Ancient Religion, Creative Writing, and Comic Books

As teaching becomes increasingly important in universities, it becomes increasingly necessary for graduate students to seek out creative, new ways of effective teaching practices. In the last few days, an article on the role of creative writing in the classroom was published. Then, on August 16th, a short piece on Mesopotamian figures in marvel comics was published. When taken together, these articles provide a potential example of how to address religion in the ancient world.

First, Sara Ronis included a creative writing assignment in her course “Home, Exile, and Diaspora in the Hebrew Bible” (original article here). The assignment was described as follows:

The Creative Lamentation assignment asked students to write their own “biblical” lamentation (in English) about an event that occurred in the last hundred or so years. To prepare for the assignment, we read excerpts from Sumerian city and cultic laments, the biblical book of Lamentations, and a modern Lamentation about the Holocaust. Together we generated a list of features common to the genre: repetition, personification, specific forms of imagery, self-reflection, rhetorical questions, and the use of multiple voices. With our list in mind, students chose a modern event and went off to do research so that their Lamentation could include rich contextual detail. Then students wrote their own Lamentation about the event, in an alphabetical acrostic, and composed a separate reflection on why they made the artistic choices that they did. They could write their reflection either as a standalone paragraph or as a series of comments in the margins of the Word Document (a la Rap Genius).

This approach enabled students to demystify the Hebrew Bible, engage with it critically and thoughtfully, and identify the rhetorical strategies of laments. Needless to say, incorporating creative writing assignments into coursework could be very productive.

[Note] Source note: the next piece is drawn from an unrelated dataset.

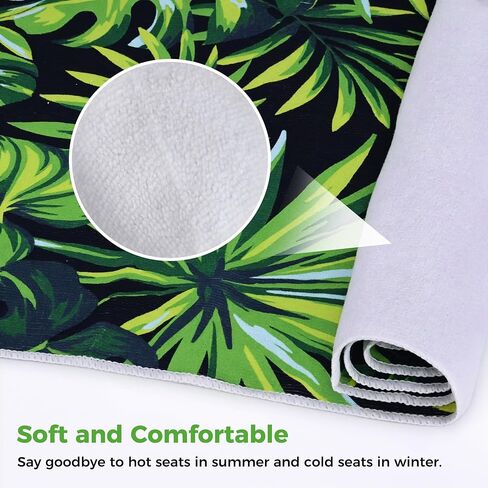 10L0L Universal Golf Cart Seat Covers/Seat Blanket for EZGO TXT/RXV & Club Car DS/Precedent, Breathable Seat Towel/Seat Cushions with Non-Slip Backing, All-Season Comfort (Not for Yamaha) in Saudi Arabia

I wonder, though, if this could be expanded beyond creative writing. In an article by Louise Prkye, she points out that Mesopotamian literary figures like Gilgamesh and Inanna appears in a few Captain America and Conan the Barbarian comic books (original article here).

So while students can create modern laments as a means of understanding rhetorical strategies of laments and demystification of the Hebrew Bible, I wonder if it would be possible to incorporate a comic book creation project as means of understanding certain elements of characters in ancient Near Eastern myth and the Hebrew Bible.

For example, a course could focus on how certain “Biblical heroes” or “Mesopotamian heroes” function within their respective literary and social contexts. Next, we would read through the representation of ancient figures in these comic books. Then, just as Ronis did, we would work as a class to develop features common to the genre and these types of figures. Subsequently, students could create a particular hero, employ the types of figures and the genre as found in ancient texts and comics, and create a short comic book reflective of contemporary concerns. It would be framed, though, in the style of these ancient heroes.

Of course, this would only work for the more artistically minded students. Nonetheless, it would be a good opportunity for students to critically and thoughtfully engage with the representation of Mesopotamian myths and their relevance. They would do so by creating a modern hero based on the motifs, themes, and genres of ancient heroes.

In the midst of doing so, students would have to engage with the relationship between heroes and religion. Though I don’t know exactly how this would pan out, it would be an interesting, and potentially fruitful, experiment.